-- Provided records follows --

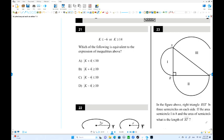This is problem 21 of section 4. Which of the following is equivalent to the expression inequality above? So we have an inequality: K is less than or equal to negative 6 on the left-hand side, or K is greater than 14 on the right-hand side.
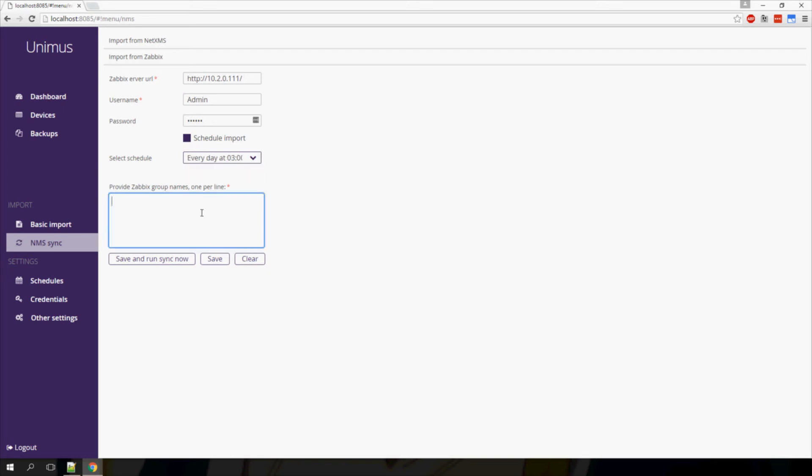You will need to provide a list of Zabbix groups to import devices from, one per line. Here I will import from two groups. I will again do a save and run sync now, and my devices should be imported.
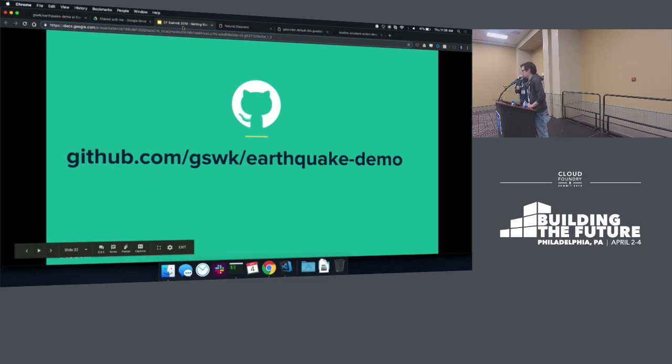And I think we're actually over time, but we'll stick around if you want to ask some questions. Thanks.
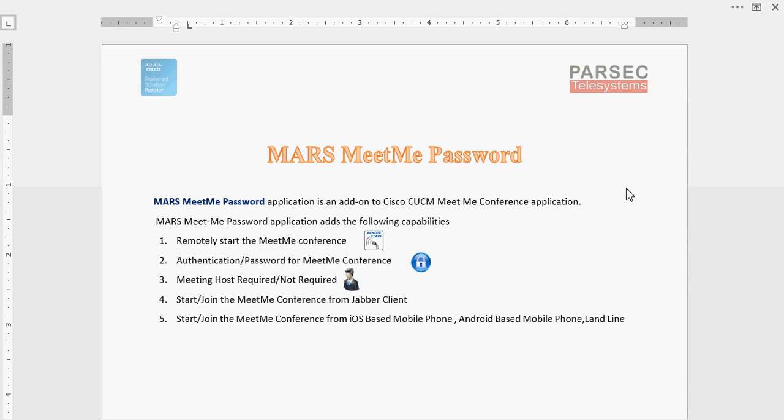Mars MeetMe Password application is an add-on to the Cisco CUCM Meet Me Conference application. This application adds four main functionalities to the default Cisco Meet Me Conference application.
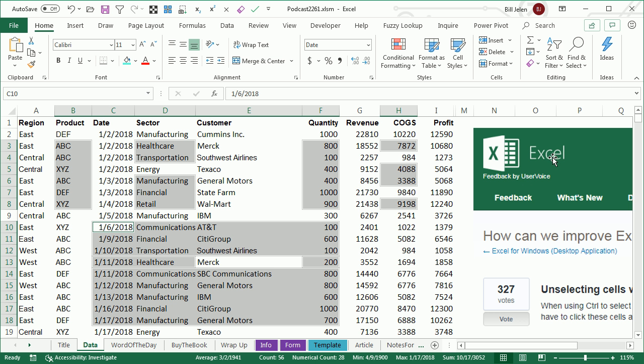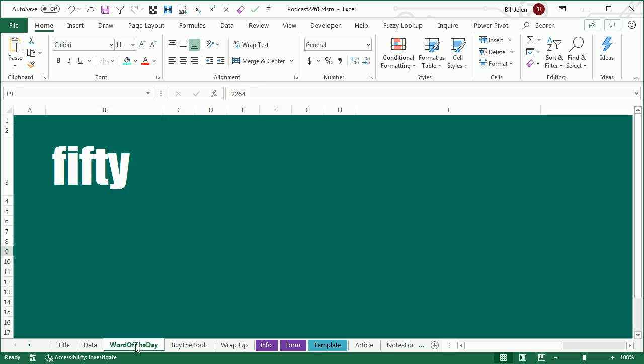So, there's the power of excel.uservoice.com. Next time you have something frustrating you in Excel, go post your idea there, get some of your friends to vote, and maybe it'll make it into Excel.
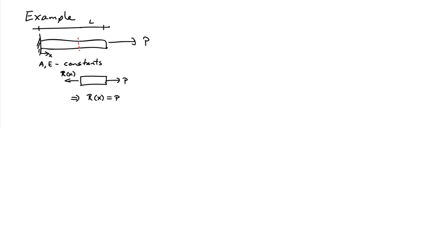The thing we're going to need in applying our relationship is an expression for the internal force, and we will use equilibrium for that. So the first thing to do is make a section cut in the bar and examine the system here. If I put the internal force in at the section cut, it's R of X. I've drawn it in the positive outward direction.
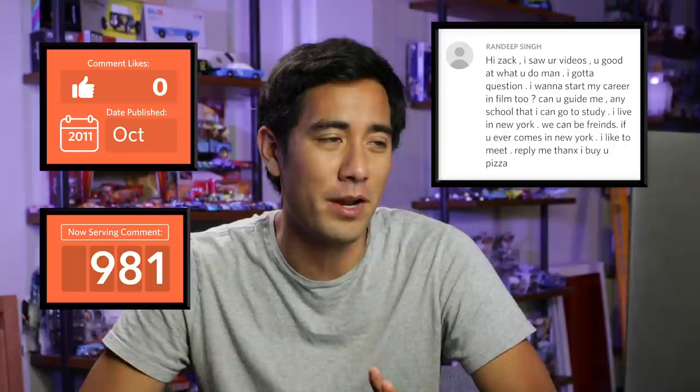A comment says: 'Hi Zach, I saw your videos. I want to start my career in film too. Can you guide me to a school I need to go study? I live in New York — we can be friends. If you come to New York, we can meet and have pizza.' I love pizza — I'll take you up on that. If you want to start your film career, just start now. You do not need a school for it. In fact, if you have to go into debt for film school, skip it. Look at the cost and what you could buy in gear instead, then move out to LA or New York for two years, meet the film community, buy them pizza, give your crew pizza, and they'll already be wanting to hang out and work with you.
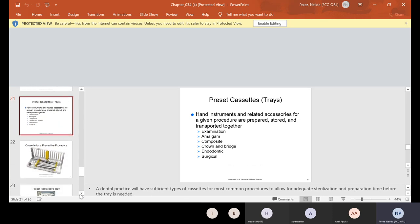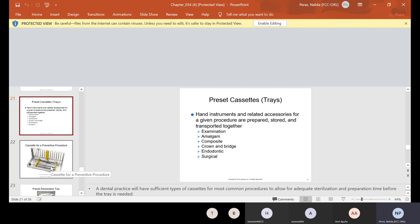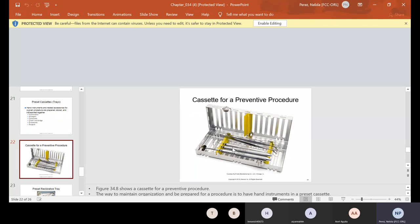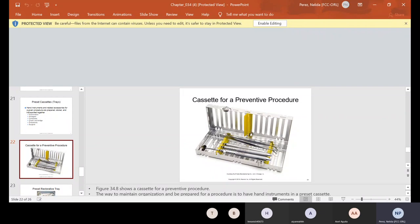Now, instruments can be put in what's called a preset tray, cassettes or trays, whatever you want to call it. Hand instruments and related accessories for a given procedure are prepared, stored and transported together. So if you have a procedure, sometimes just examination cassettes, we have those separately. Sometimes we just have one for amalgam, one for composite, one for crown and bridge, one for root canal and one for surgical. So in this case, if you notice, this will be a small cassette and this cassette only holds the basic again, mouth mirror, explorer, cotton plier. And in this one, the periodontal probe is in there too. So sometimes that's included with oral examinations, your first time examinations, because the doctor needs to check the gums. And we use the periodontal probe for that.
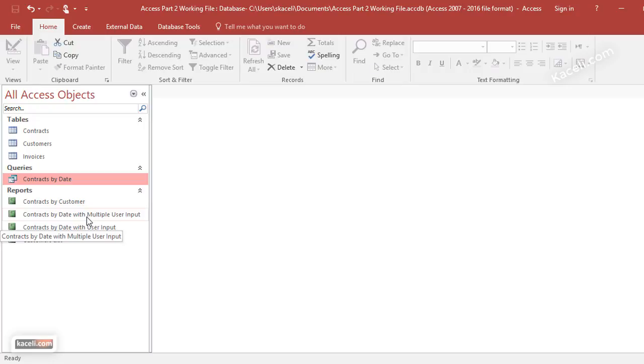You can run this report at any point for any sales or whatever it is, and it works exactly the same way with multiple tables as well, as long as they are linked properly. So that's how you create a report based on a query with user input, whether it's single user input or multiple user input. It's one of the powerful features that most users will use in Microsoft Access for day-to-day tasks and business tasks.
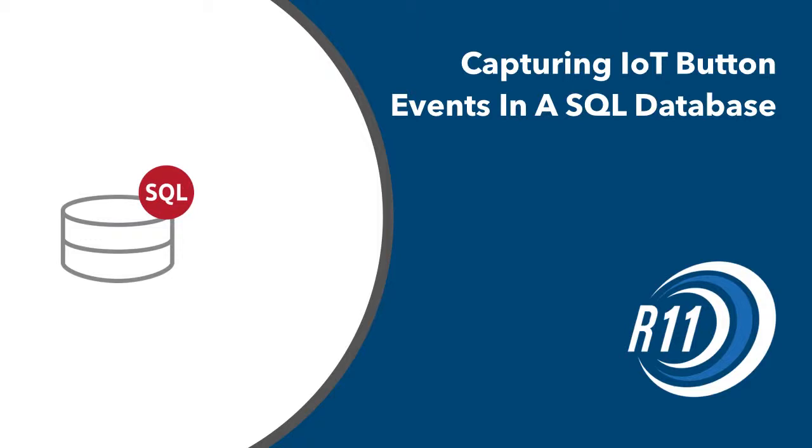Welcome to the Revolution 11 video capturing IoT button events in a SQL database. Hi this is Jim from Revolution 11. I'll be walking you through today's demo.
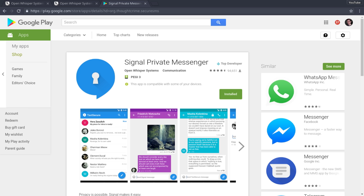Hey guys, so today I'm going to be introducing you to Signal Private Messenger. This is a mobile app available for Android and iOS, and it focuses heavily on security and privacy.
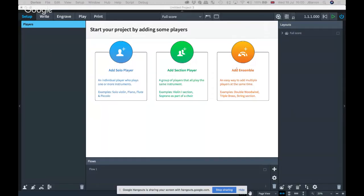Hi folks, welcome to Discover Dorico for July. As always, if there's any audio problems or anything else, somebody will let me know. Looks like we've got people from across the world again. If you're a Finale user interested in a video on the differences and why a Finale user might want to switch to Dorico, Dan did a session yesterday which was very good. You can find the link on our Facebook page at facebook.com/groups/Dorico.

-- Provided records concluded --

• [Task description] Could the stretch from the line with "You will need" through the line with "So, there's the" in the listing above be restated word for word, minus the pictures?

• [Output]
You will need to provide a list of Zabbix groups to import devices from, one per line. Here I will import from two groups. I will again do a save and run sync now, and my devices should be imported.
And I think we're actually over time, but we'll stick around if you want to ask some questions. Thanks.
Mars MeetMe Password application is an add-on to the Cisco CUCM Meet Me Conference application. This application adds four main functionalities to the default Cisco Meet Me Conference application.
So, there's the power of excel.uservoice.com. Next time you have something frustrating you in Excel, go post your idea there, get some of your friends to vote, and maybe it'll make it into Excel.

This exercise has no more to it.